Wer ist Tyler Robinson, der mutmaßliche Schütze, der den ultrakonservativen Aktivisten Charlie Kirk mit nur einem einzigen Distanzschuss getötet haben soll? Bei der Suche nach dem Motiv stehen die Ermittler in den USA vor einem Rätsel. Neue Details werfen Licht auf einen jungen Mann, der nur schwer einzuordnen ist. Der 22-Jährige wuchs laut US-Medien in einem republikanischen Elternhaus auf, hatte früh Kontakt zu Waffen – und soll ausgerechnet einen bei jungen Leuten beliebten konservativen Meinungsführer getötet haben.

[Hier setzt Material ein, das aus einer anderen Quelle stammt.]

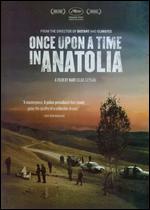 Once Upon a Time in Anatolia - Nuri Bilge Ceylan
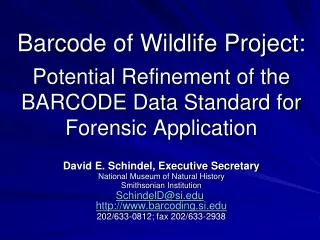 Barcode of Wildlife Project: Potential Refinement of the BARCODE Data Standard for Forensic Application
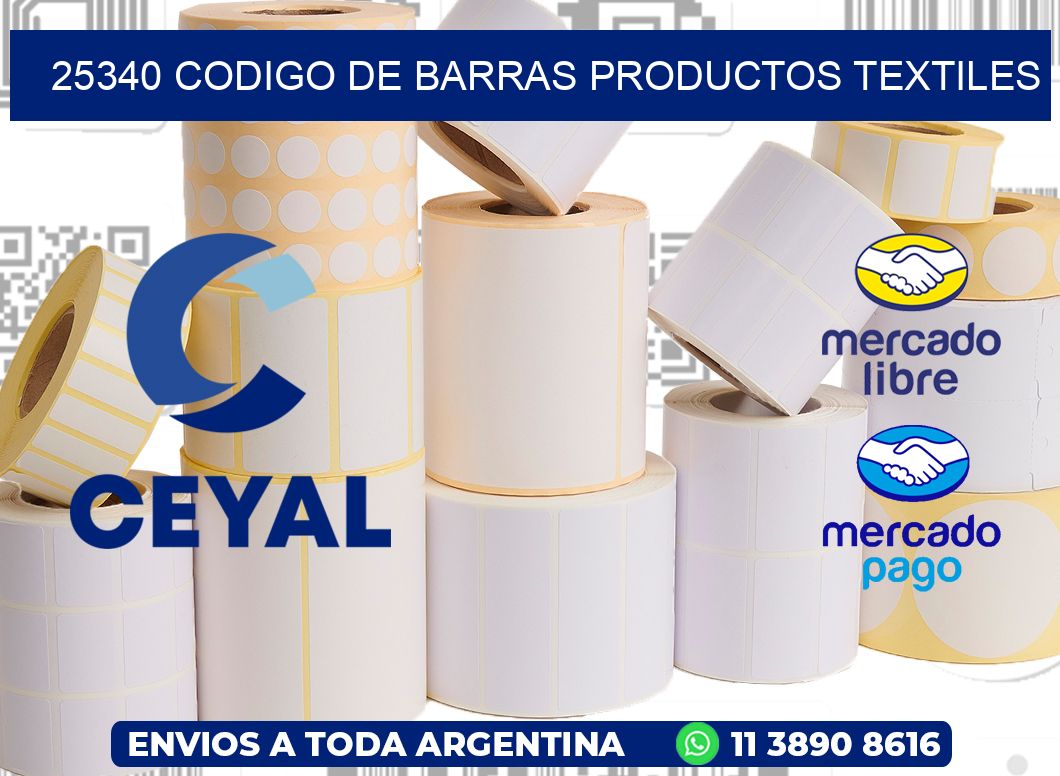 25340 CODIGO DE BARRAS PRODUCTOS TEXTILES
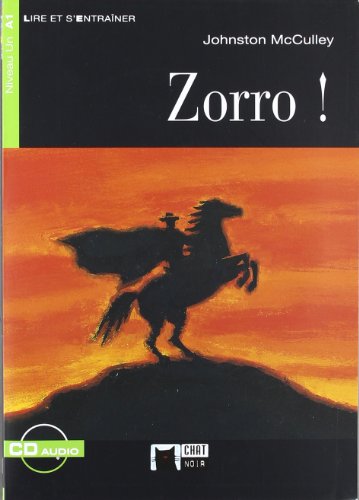 Zorro (Chat Noir Lire Et S'entrainer)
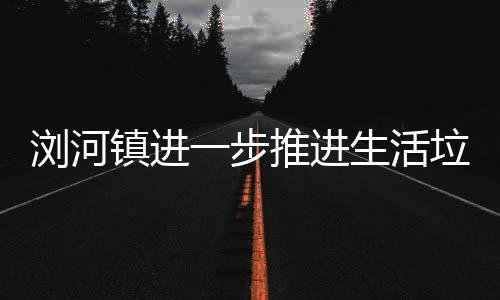 镇进推进分类浏河垃圾工作生活一步
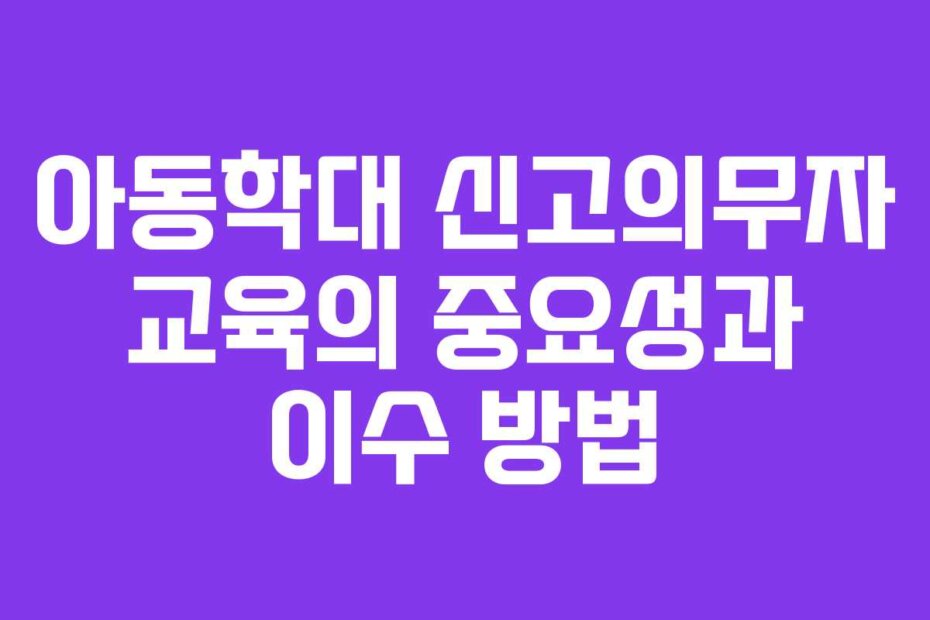 아동학대 신고의무자 교육의 중요성과 이수 방법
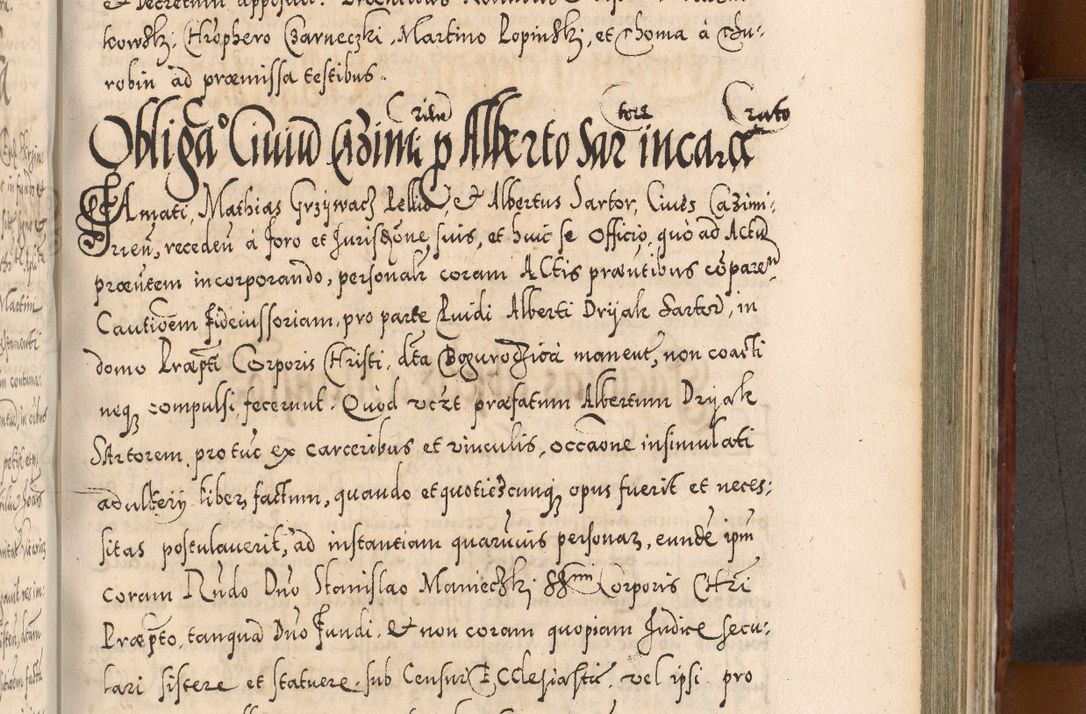 Zdjęcie nr 810 dla obiektu archiwalnego: Illistrissimo et revedissimo in Christo Patre Domino Domino Georgio Rzadziwił Miserone Divina Sacrostae R. E. Tituli S. Sixti Presbitero Cardinali Duce in Olyka et Niesswiesz ad Gubernacula Ecclessiae Cracoviensis cuius administratorialem a Sancta Sede Apostolica obtinverat feliciter sedente. Acta actorum, causarum, sententiarum tam deffinitivarum quam interloquutoriarum decretorum, obligationum, quietationum, recognitionum, constitutionum procuratorum etc. coram Reverendo Domino Stanislao Crassinskz de Crasne Archidiacono Cracoviensis, Scholastico Gnesnesis, Custode Plocensis etc. Vicario et Officiali Generali Cracoviensi in Ano Domini Millesimo Quingentesimo Nonagesimo Primo cuius indictio quarta pontificatus SS. Domini Nostri Gregorii XIIII Anno I psius prio feliciter incipiut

Charlie Kirk: Einst ein Einserschüler

Robinsons Elternhaus ist das typische Wohnhaus einer US-Mittelstandfamilie, der Rasen im Vorgarten ist akkurat gestutzt und von Schotter- und Kieselflächen gesäumt. Im gleichen Viertel wohnt Kris Schwiermann, die früher an Tylers Grundschule arbeitete. Er sei ein „ruhiges und respektvolles Kind“ gewesen, berichtet die Rentnerin, „wirklich sehr intelligent“.

Robinson sei ein herausragender Schüler gewesen, berichtet die „New York Times“ unter Berufung auf frühere Klassenkameraden. Als pünktlich und fleißig beschrieben sie ihn. Er habe zwar nicht zu den angesagtesten Schülern gehört, aber man habe ihn gemocht, sagte Jaida Funk, die mit Robinson die Grund- und Mittelschule besuchte.

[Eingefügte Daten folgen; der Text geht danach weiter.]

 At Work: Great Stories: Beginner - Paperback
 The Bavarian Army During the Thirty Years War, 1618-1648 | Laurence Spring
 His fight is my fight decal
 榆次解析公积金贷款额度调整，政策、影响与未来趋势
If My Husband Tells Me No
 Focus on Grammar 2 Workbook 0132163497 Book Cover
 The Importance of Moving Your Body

Viel Zeit habe Robinson schon damals mit Videospielen und Comics verbracht, interessierte sich aber auch für aktuelle Ereignisse. In der Schule sei er eher zurückhaltend gewesen, berichteten Mitschüler. Doch Keaton Brooksby, der mit ihm die Highschool besuchte, erinnerte sich auch daran, wie Robinson sich in politische Debatten eingemischt habe. „Es ist wirklich traurig, dass jemand mit seinem Verstand so etwas daraus gemacht hat“, sagte er der Zeitung.

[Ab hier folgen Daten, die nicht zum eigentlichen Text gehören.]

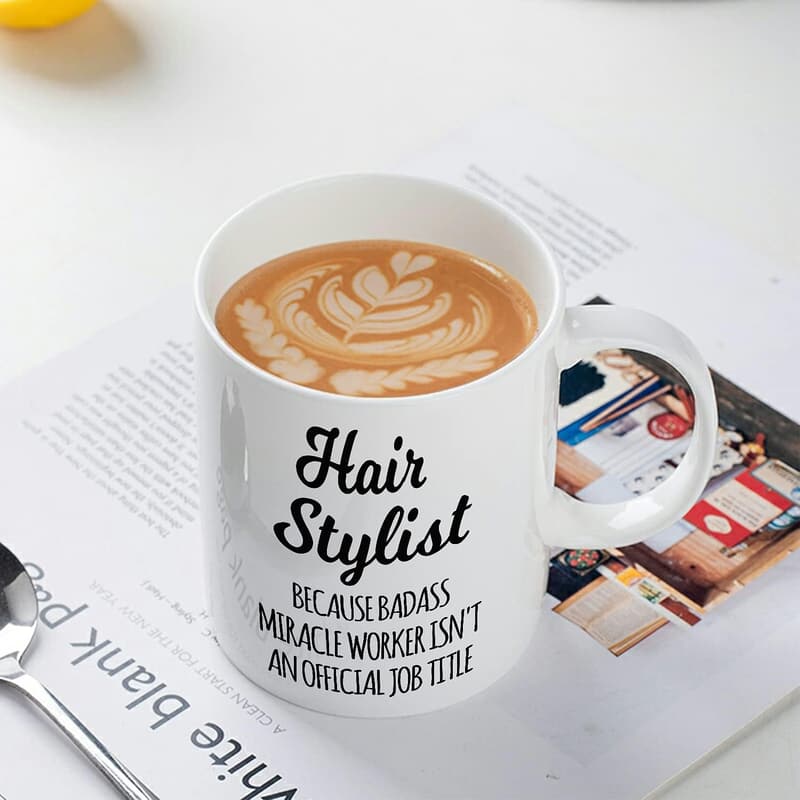 Funny Hairstylist Coffee Mug – Inspirational Gift for All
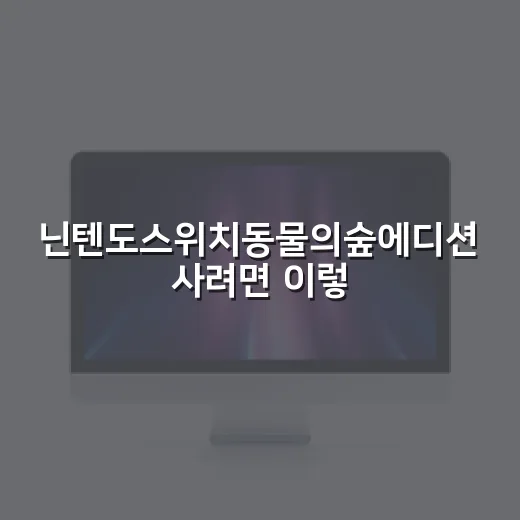 닌텐도스위치동물의숲에디션 사려면 이렇게 체크하세요 - 요약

Als Kind mit Waffen posiert

Aufgewachsen ist Robinson in einem republikanischen Umfeld im Bundesstaat Utah. 2021 ging er mit sehr guten Noten von der High School ab und begann ein Studium, wechselte jedoch nach einem Semester zu einer Elektrikerausbildung an einem Technik-College. Er habe keine Vorstrafen und keine Vorgeschichte von Gewaltdelikten, so der Sender CBS. Robinsons Vater verkauft Küchen-Arbeitsplatten aus Granit, seine Mutter arbeitet im Gesundheitswesen. Tyler ist der älteste von drei Söhnen. Wie viele Bewohner Utahs gehört die Familie der Glaubensgemeinschaft der Mormonen an, praktiziert ihren Glauben allerdings offenbar nicht mehr aktiv.

Die Eltern besitzen laut „New York Times“ Jagdscheine. Die Zeitung fand Familienfotos in sozialen Medien, die Robinson und seine Brüder beim Schießen und Posieren mit Waffen zeigten. Auch Fotos von Reisen nach Puerto Rico, Alaska, Hawaii und Disneyland seien zu sehen, schrieb die „Washington Post“. Auf der Jagd hat Tyler vermutlich auch die Präzision gelernt, mit der er Charlie Kirk durch einen einzigen Schuss aus einem Jagdgewehr aus einer Distanz von rund 180 Metern in den Hals getötet haben soll.

Zunehmend politischer geworden

Kirk (31) war ein einflussreicher Vertreter der „Make America Great Again“ (MAGA)-Bewegung von Präsident Donald Trump. Millionen folgten seinen Social-Media-Kanälen und Podcasts. Robinsons Eltern sind eingetragene Republikaner, er selbst war im Wählerverzeichnis eingetragen, aber nicht als Anhänger einer bestimmten Partei. Bei der jüngsten Wahl im vergangenen Jahr gab er seine Stimme laut amtlichen Aufzeichnungen nicht ab. Laut Utahs Gouverneur Spencer Cox wurde Tyler jedoch in den vergangenen Jahren „zunehmend politischer“. Bei Gesprächen in der Familie soll er sich kritisch zu Kirk und dessen geplantem Auftritt an der Utah-Valley-Universität in der Stadt Orem geäußert haben.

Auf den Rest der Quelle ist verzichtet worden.